In this study, 13 machine learning (ML) models were employed
to
predict the phase equilibrium temperatures of the CO2 hydrate
in systems with salts and organic inhibitors: Multiple Linear Regression
(MLR), Support Vector Regression (SVR), k-Nearest Neighbors (KNN),
Multi-Layer Perceptron (MLP), Decision Tree (DT), Random Forest (RF),
Extra Trees (ET), Adaptive Boosting (AdaBoost), Categorical Boosting
(CatBoost), Gradient Boosting Machine (GBM), Light Gradient Boosting
Machine (LGBM), Histogram-Based Gradient Boosting (HistGB), and eXtreme
Gradient Boosting (XGBoost). A dataset consisting of 1801 experimentally
measured equilibrium data points was gathered, which included both
pure water systems and systems with thermodynamic inhibitors. After
data preprocessing, 1402 data points were selected for ML training
and validation. Boosting algorithms generally yielded high predictive
accuracy, with the MLP demonstrating notably superior accuracy.

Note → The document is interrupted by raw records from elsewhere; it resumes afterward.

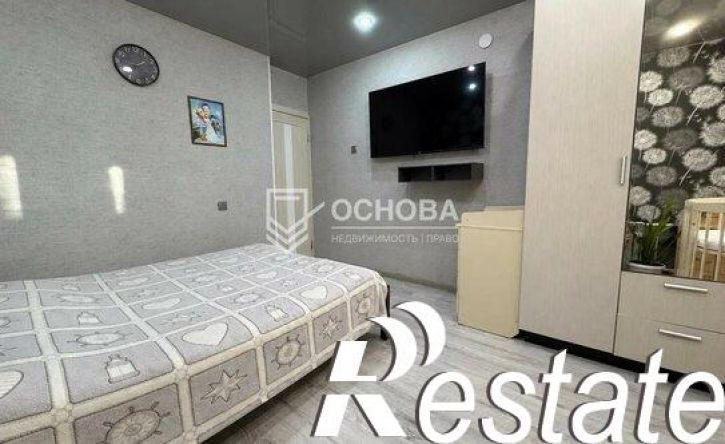 2-комн квартира Кинешемское шоссе, 43,  д. 43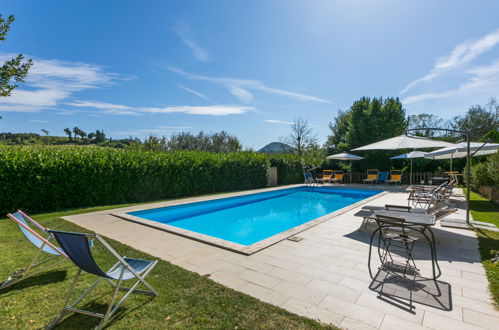 Photo 36 - Appartement de 1 chambre à Trequanda avec piscine et jardin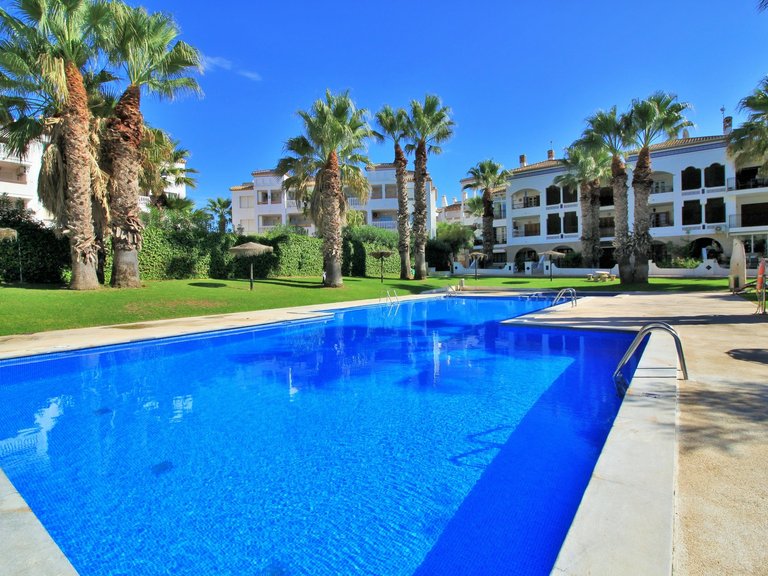 Apartment for Sale in Villamartin, Alicante 2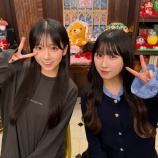 『[イコラブ] 山本杏奈×天野香乃愛、3月26日『SHOWROOM教えて花便り』出演！！まとめ【ニアジョイ】』の画像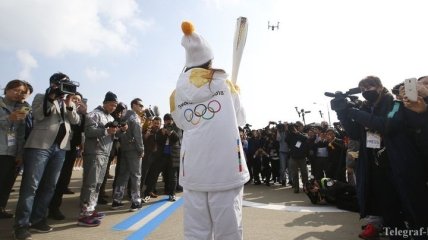 США согласны отменить учения с Южной Кореей на время Олимпиады 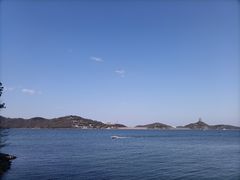 -万佛湖风景区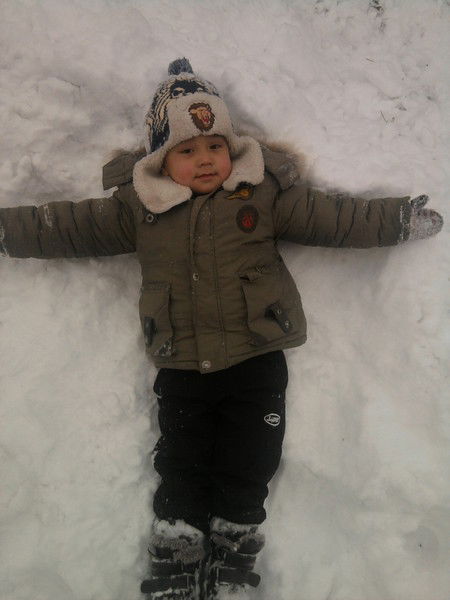 Кенже Кыдырбайкызы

The
predicted equilibrium temperatures for complex systems containing
both salts and organic inhibitors were also compared with those calculated
by the widely used CSMGem software. With the exception of SVR, KNN,
and DT, all models outperformed CSMGem, in terms of statistical assessment.
Specifically, the CatBoost model accurately predicted equilibrium
temperatures for most test sets of combinations of salts and organic
inhibitors. This study underscores the viability of ML models for
predicting the phase equilibria of the CO2 hydrate in the
presence of single and mixed thermodynamic inhibitors.